The RDA argued some evidence and testimony should not have been allowed in the proceedings regarding fair market value of the 2.9-acre site of the former York County Prison.
The RDA’s motion argued 11 points, including that the jury should not have been shown evidence that the city had lined up a deal to sell the property to a commercial redeveloper before it had acquired the property.
Eby disagreed and said the “contract to sell the condemned property,” and the fact that the developer had purchased other properties in the vicinity, proved there was other interest in the property and should be included in the jury’s evaluation of fair market value.
Documentation of the agreement to sell the property to Think Loud Development for $1 plus the cost of acquisition was requested by the Gearharts’ attorneys during the discovery phase of the trial, but it was not provided, according to Eby's opinion.
'Arguable obstruction': During a June 2016 deposition, Shilvosky Buffaloe, interim director of the city’s department of economic and community development, testified that the RDA and Think Loud did not have any discussions until after the property was acquired, the opinion states.
But after he was confronted with a November 2013 application for a City Revitalization and Improvement Zone, Buffaloe admitted the RDA was aware of Think Loud’s interest in the property before acquiring it.
When the documents came to light, Hoyt argued that it was too late to add them into evidence, according to the opinion.
“We did not find (RDA’s) protestation of untimeliness to be credible when we learned that it was (RDA) who was, through noncompliance with discovery requests, responsible for the delay,” Eby wrote. “Given the arguable obstruction of Mr.

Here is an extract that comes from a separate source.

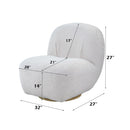 Acme Furniture Yedaid AC00231 Accent Chair with Swivel IMAGE 7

Buffaloe and the noncompliance, whether intentional or unintentional, of (RDA) in providing potentially critical discovery related to that obstruction, we did not find (the Gearhart’s) motion to amend ‘too late’ as urged by (RDA).”
Nonexpert witness: The RDA also claimed it should receive a new trial because Eby prohibited testimony from RDA's expert witness on lead-based paint.
Eby disqualified Peter Voci as a lead-based paint expert after Voci told the judge he was an asbestos expert but worked for a company that is certified in lead-based paint, according to the opinion.
Voci also did not believe he was a lead-based paint expert when questioned directly by the judge, according to the opinion.
The RDA also argued that it deserved a new trial because the conversation between Eby and Voci should not have been held in front of the jury. That claim also was denied by Eby.
Excessive price: Finally, the RDA made three claims that the $1.25 million market price was excessive and "based on prejudice and sympathy" for the Gearhart family, according to the opinion. Again, the judge denied these claims.
The RDA’s motion for a new trial "astonishingly argues that the jury 'had virtually no experience in formulating an accurate opinion of fair market value in an eminent domain case' and states that their 'absurd verdict' was based upon 'anti-governmental sentiment' similar to that evidenced in the 2014 Bundy standoff and subsequent occupation by armed militants of federal lands in ... Oregon," Eby wrote.